How to correctly select the filter capacitor in the design of switching power supply?
The wave capacitor plays a very important role in the switching power supply. How to correctly select the filter capacitor, especially the selection of the output filter capacitor is a problem that every engineer and technician is very concerned about. We can see various capacitors on the power filter circuit, 100uF, 10uF, 100nF, 10nF with different capacitance values, so how are these parameters determined? Don't tell me that I copied someone else's schematic diagram, huh, huh.
Common electrolytic capacitors used in 50Hz power frequency circuits have a pulsating voltage frequency of only 100Hz, and the charging and discharging time is on the order of milliseconds. In order to obtain a smaller pulsation coefficient, the required capacitance is as high as hundreds of thousands of μF. Therefore, the goal of ordinary low-frequency aluminum electrolytic capacitors is to increase the capacitance. The main parameters of pros and cons. However, the output filter electrolytic capacitor in the switching power supply has a sawtooth wave voltage frequency as high as tens of kHz, or even tens of MHz. At this time, the capacitance is not the main indicator. The standard for measuring the quality of high-frequency aluminum electrolytic capacitors is "impedance- "Frequency" characteristics, it is required to have a lower equivalent impedance within the operating frequency of the switching power supply, and at the same time have a good filtering effect on the high-frequency spikes generated when the semiconductor device is working.
Ordinary low-frequency electrolytic capacitors begin to show inductivity at around 10kHz, which cannot meet the requirements of switching power supplies. The high-frequency aluminum electrolytic capacitor dedicated to the switching power supply has four terminals. The two ends of the positive aluminum sheet are respectively drawn out as the positive electrode of the capacitor, and the two ends of the negative aluminum sheet are also respectively drawn out as the negative electrode. The current flows in from one positive terminal of the four-terminal capacitor, passes through the inside of the capacitor, and then flows from the other positive terminal to the load; the current returning from the load also flows in from one negative terminal of the capacitor, and then flows from the other negative terminal to the negative terminal of the power supply.
Since the four-terminal capacitor has good high-frequency characteristics, it provides an extremely favorable means for reducing the pulsating component of the voltage and suppressing the switching spike noise. High-frequency aluminum electrolytic capacitors also have a multi-core form, that is, the aluminum foil is divided into several shorter sections, and multiple leads are connected in parallel to reduce the impedance component in the capacitive reactance. And the use of low-resistivity materials as lead-out terminals improves the ability of the capacitor to withstand large currents.

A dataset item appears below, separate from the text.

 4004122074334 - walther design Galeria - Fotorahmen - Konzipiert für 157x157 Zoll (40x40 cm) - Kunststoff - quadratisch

For digital circuits to operate stably and reliably, the power supply must be "clean", and energy replenishment must be timely, that is, filtering and decoupling must be good. What is filtering and decoupling, simply put, it is to store energy when the chip does not need current, and I can replenish energy in time when you need current. Don't tell me that this responsibility is not for DCDC and LDO? Yes, at low frequencies they can handle it, but high speed digital systems are different.